A standard color video signal such as the composite NTSC color television signal includes amplitude modulated luminance and quadrature related chrominance components which are frequency interleaved. The luminance component is transmitted at a full frequency bandwidth i.e. 4.2 Mhz., whereas the chrominance components are reduced in bandwidth. In the NTSC system approximately thirty frames of color information are transmitted each second with each frame comprising two interlaced fields. In order to record a composite television signal for home use, commercially available video cassette recorders (VCRs) utilize rotating magnetic heads to lay down oblique tracks on moving magnetic tape. A single video field is recorded on a single track length so that two tracks are required to record a complete video frame. If the frame is played back in a still frame mode, the playback heads will tend to bridge adjacent tracks of a frame causing annoying noise signals and jitter in the displayed picture. Moreover, with the trend towards more compact VCR's and the combination of the recorder and the camera into a lightweight, easy to handle, hand-held unit, the need exists to record the video signal on less and less recording tape. Thus, in U.S. Pat. No. Re. 29,999 entitled SYSTEM AND APPARATUS FOR RECORDING AND REPRODUCING TELEVISION VIDEO SIGNALS, reissued May 15, 1979, by A. Hirota there is disclosed a system for reducing by one-half the amount of magnetic tape required to record and play back a color video frame signal. As disclosed, only one of the two fields of each frame of a video signal is recorded on tape transported at one-half of the conventional speed. On playback, the field is played back twice in interlaced fashion to reproduce the video frame. This system results in a loss of vertical resolution since only half of the scanned lines of a video frame are reproduced.
It has also been proposed to transmit two video signals over a single cable channel by bandwidth compression techniques in a paper entitled "Cost Effective Bandwidth Compression Techniques for Increasing CATV System Channel Capacities" by R. L. Hess and H. C. Willard, of General Electric Co., Portsmouth, Va. As disclosed, the luminance components in adjacent scan lines are added to produce a signal which is transmitted at maximum bandwidth, and are also subtracted to produce another signal which is transmitted at reduced bandwidth.
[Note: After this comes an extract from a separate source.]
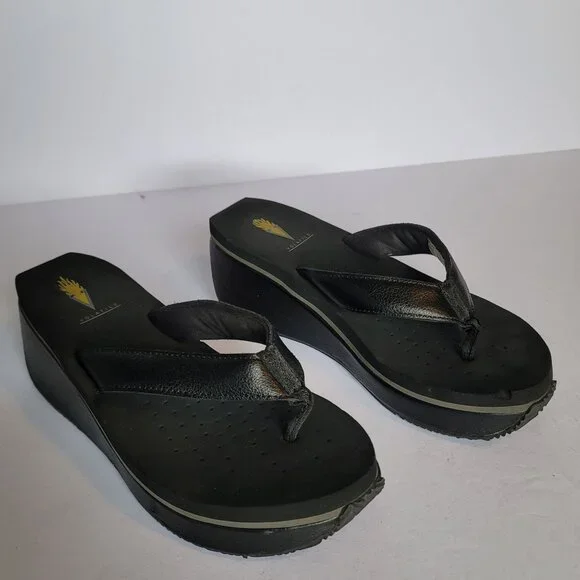 Volatile | Shoes | Volatile Black Leather Upper Platform  display picture 2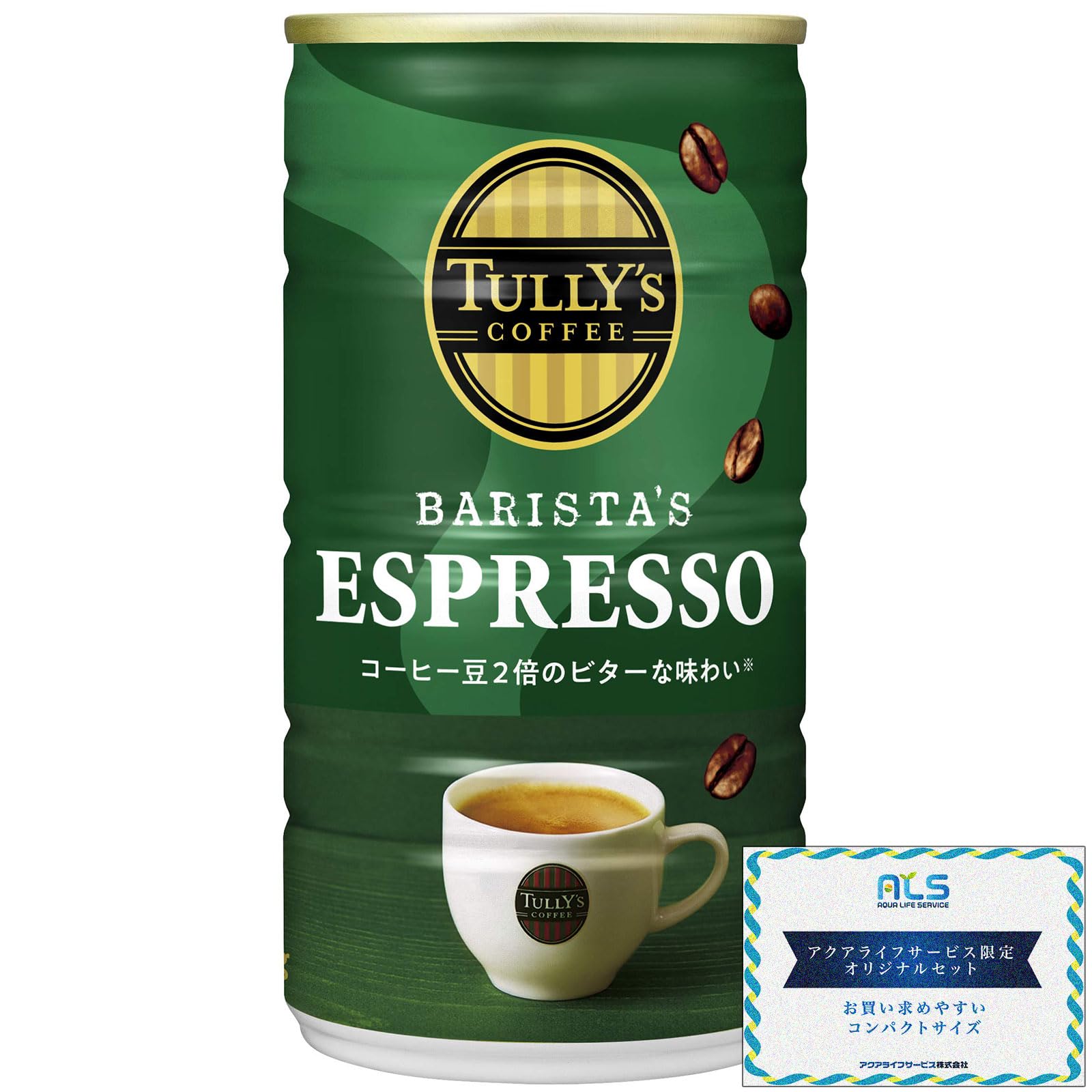 伊藤園 タリーズコーヒー バリスタズ エスプレッソ 180g缶　２ケース（６０本）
The sum and difference luminance signals are modulated in quadrature on an RF carrier. The two chrominance components are bandwidth limited and averaged for the two lines and modulated in quadrature on a color subcarrier frequency. The luminance and chrominance quadrature signals are sent within the time period of a single line so that the time period of a second line may be used to transmit a second different video signal. Although this system reduces the transmission time of a video frame signal, recording and playback may produce cross-modulation between the quadrature luminance signals resulting in crawling patterns in the edges of objects, and objectionable disturbances in picture reproduction. The quadrature chrominance signal may be subjected to time base errors in recording and playback which cause color bands in the picture.
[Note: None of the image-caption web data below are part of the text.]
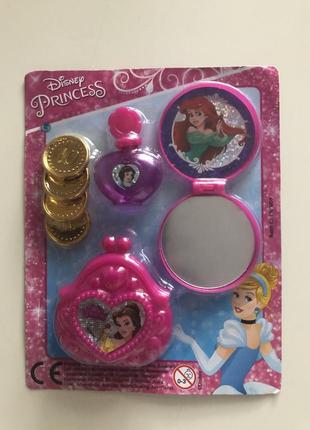 Набор princess disney с кошельком
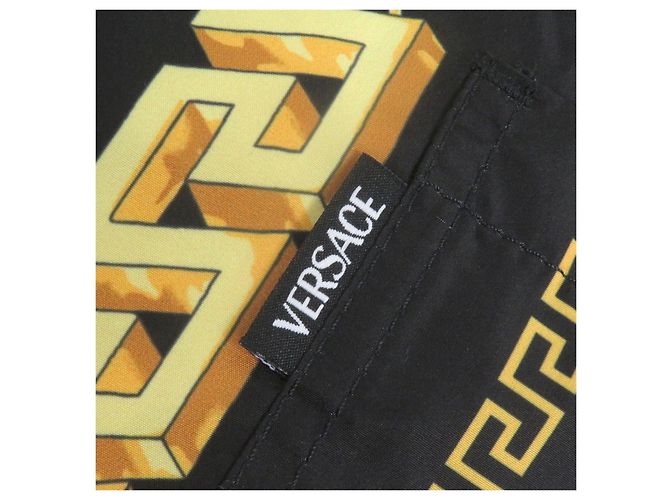 Chaqueta Blouson Versace Medusa Chain Negro - vista 7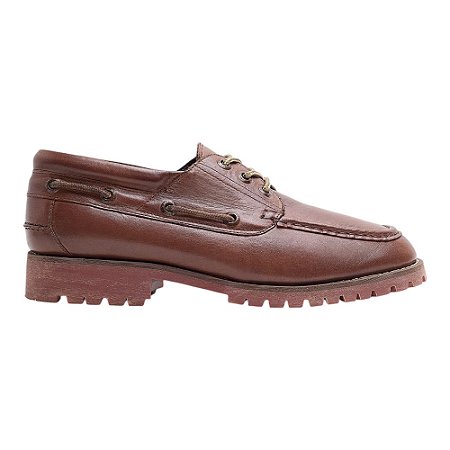 Sapato Mocassim Foxton Montanha Marrom Masculino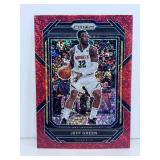 Jeff Green (#23) red sparkle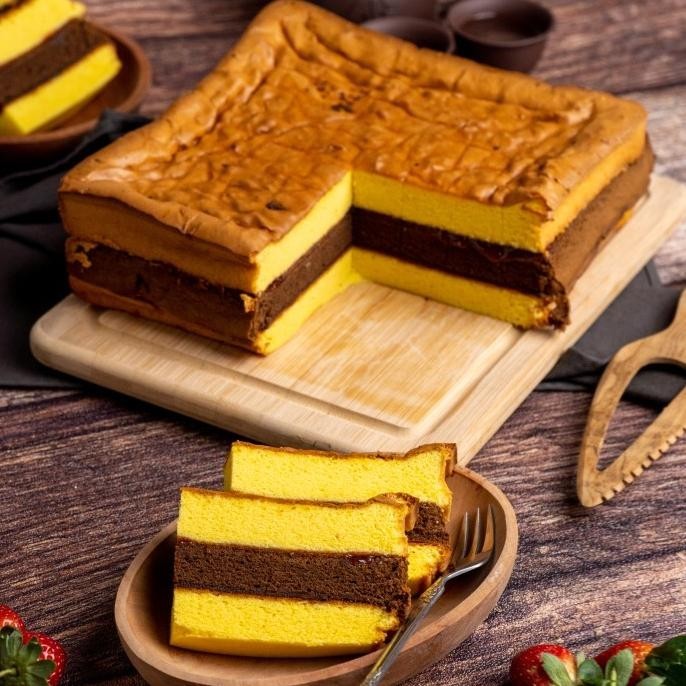 

Best Seller Lapis Surabaya Loyang Resep Kue Bolu Asli Utk Lebaran Natal Arisan Stok Terbatas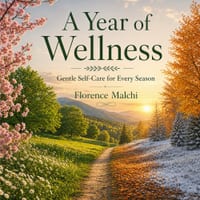 A Year of Wellness: Gentle Self-Care for Every Season: Simple Seasonal Rituals, Mindful Living Habits, and Cozy Practices to Nourish Your Mind, Body, cover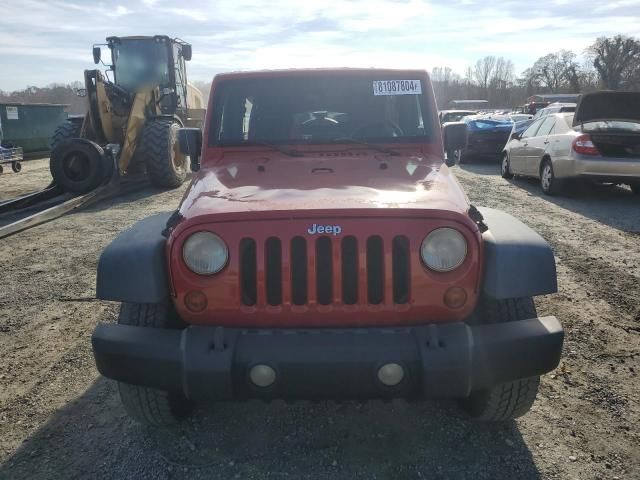 2008 Jeep Wrangler Unlimited X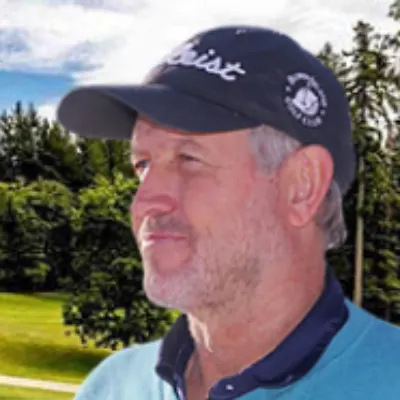 Hit Down Dammit! Golf Instruction
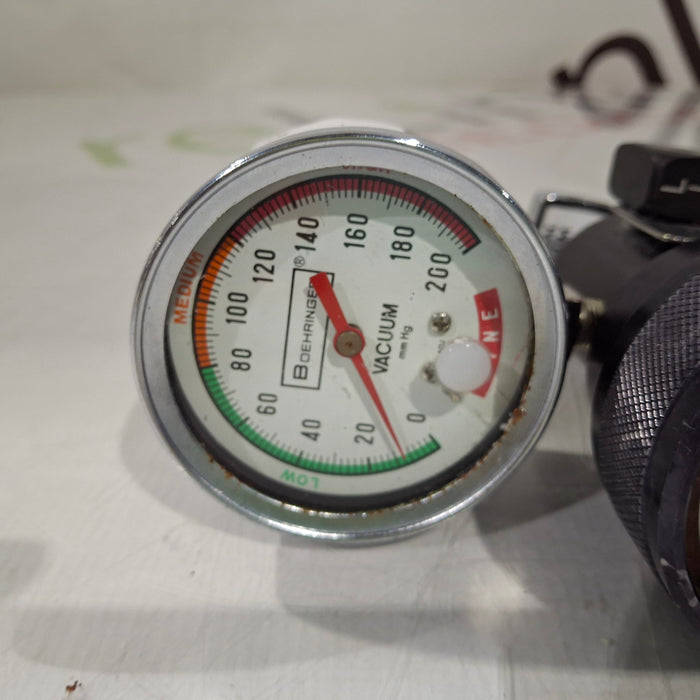 Boehringer Laboratories, Inc. Boehringer Laboratories, Inc. Intermittent/Continuous Suction Regulator Respiratory reLink Medical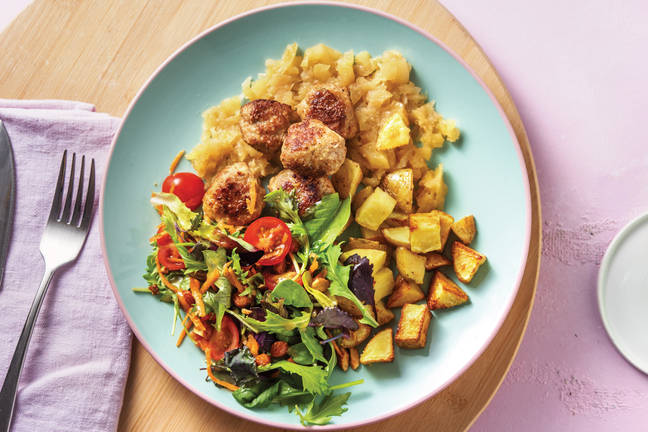 Pork & Parmesan Meatballs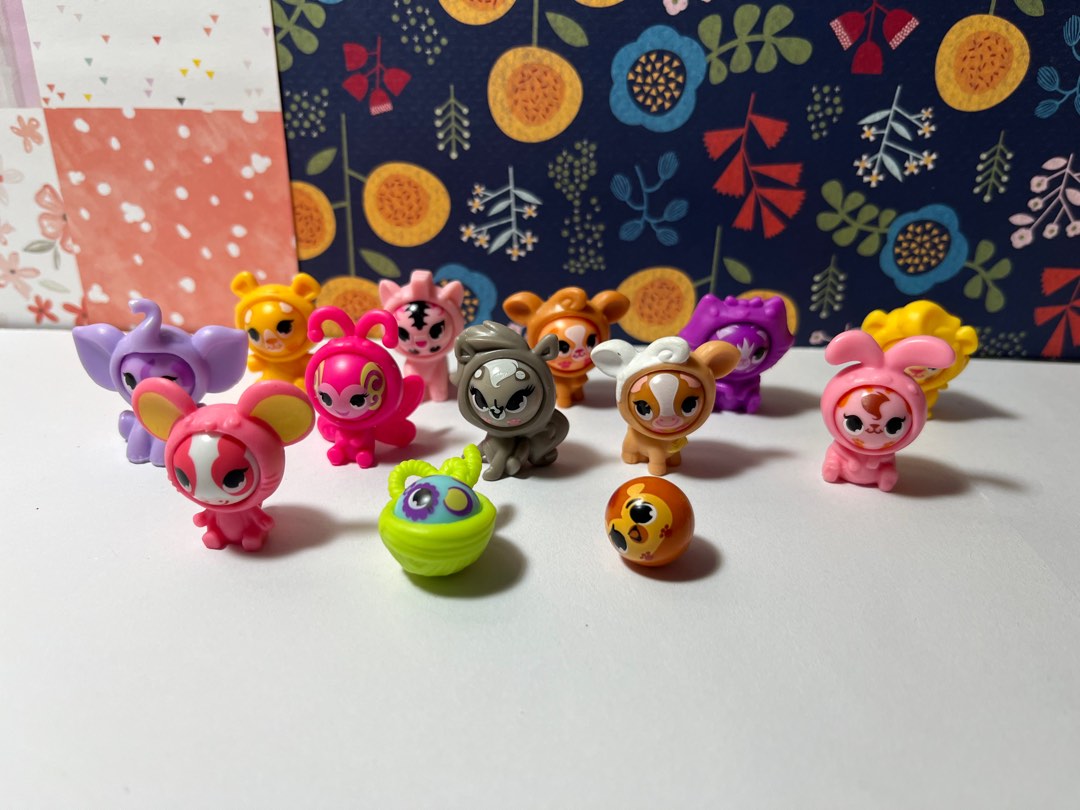 Littlest Pet Shop LPS // Rolleroos mini toys, Hobbies & Toys, Toys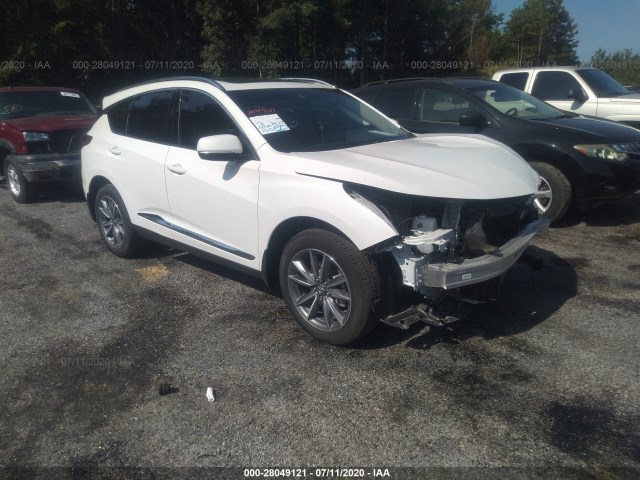 ACURA RDX 2020 5j8tc1h54ll005250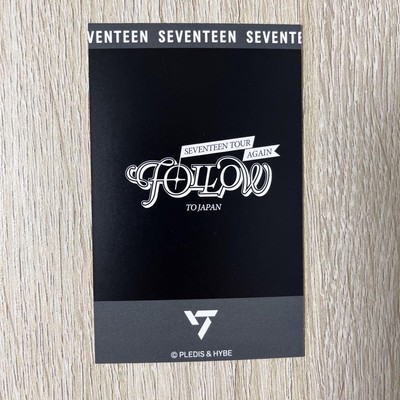 その他 SEVENTEEN FOLLOW AGAIN TO JAPAN Seventeen Follow Again Japan KPOP | eBay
Thus, there exists a need for video signal processing techniques which will permit the recording or transmission of a greater amount of video information on a given amount of record material or in a reduced transmission channel without loss of picture resolution and color fidelity and without the production of picture disturbances and image degradation. There is also a need in consumer VCRs to provide the ability to play back a single video frame in a still mode without image disturbances and degradation.